Data to process:
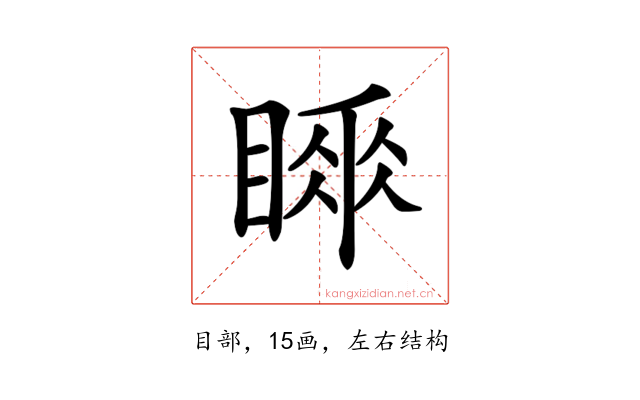 𥉚
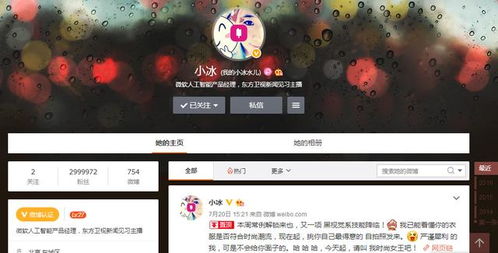 人工智能 從熱炒到落地應(yīng)用軟件的實踐路徑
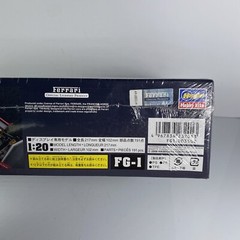 Hasegawa 1:20 Ferrari 312T2 1976 Monaco GP Winner Model Kit FG-1 23201 NIB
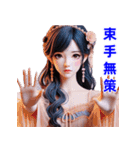 慣用句はさまざまな日常の感情を表現 2（個別スタンプ：21）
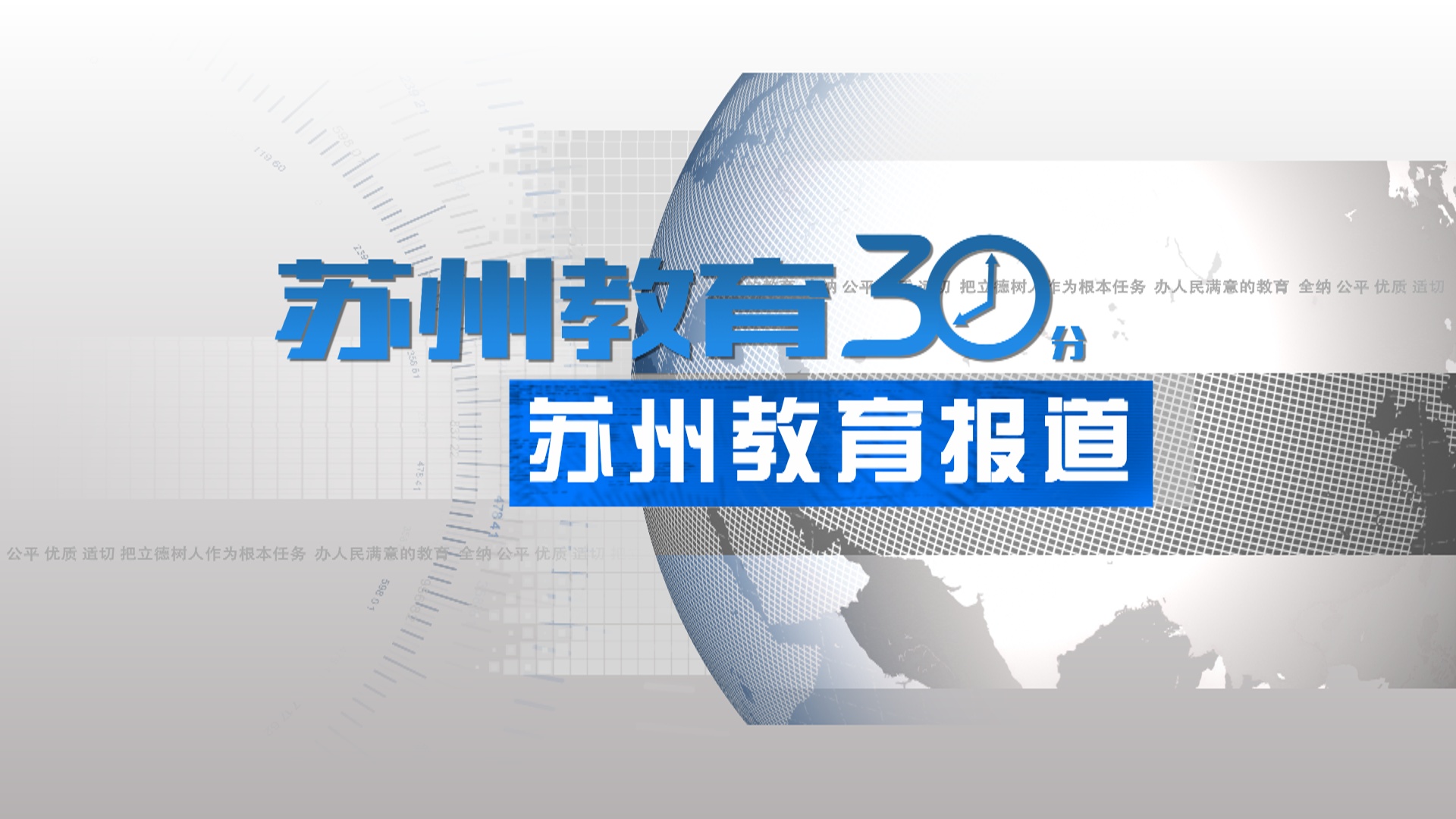2022.9.22苏州教育电视新闻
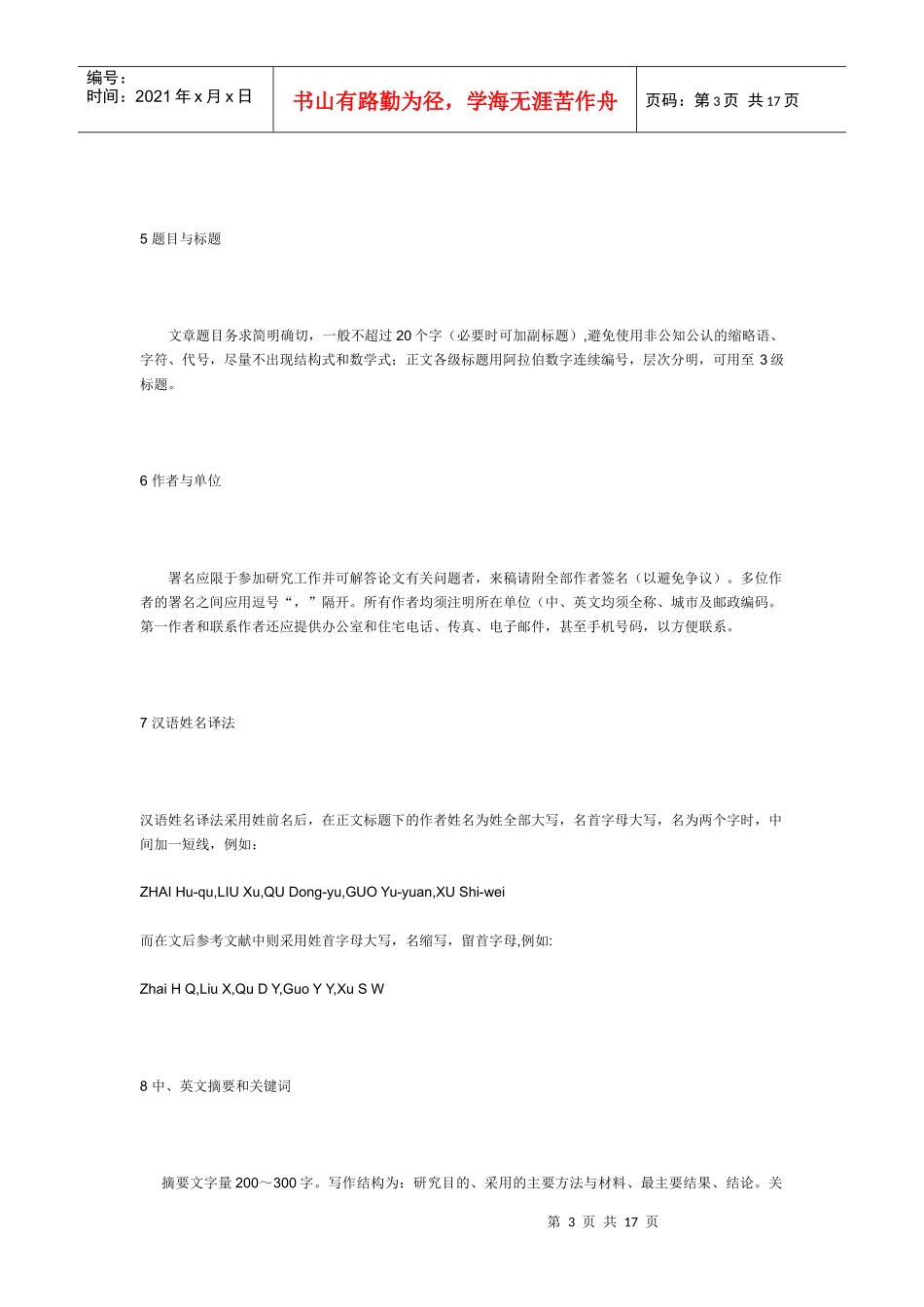 畜牧类专业投稿_第3页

The task:
Leave every picture out and write out exactly the lines from the line with "慣用句はさまざまな日常の感情を表現 2（個別スタンプ：21）" through the last line of the material.

Problem solution:
 慣用句はさまざまな日常の感情を表現 2（個別スタンプ：21）
2022.9.22苏州教育电视新闻
 畜牧类专业投稿_第3页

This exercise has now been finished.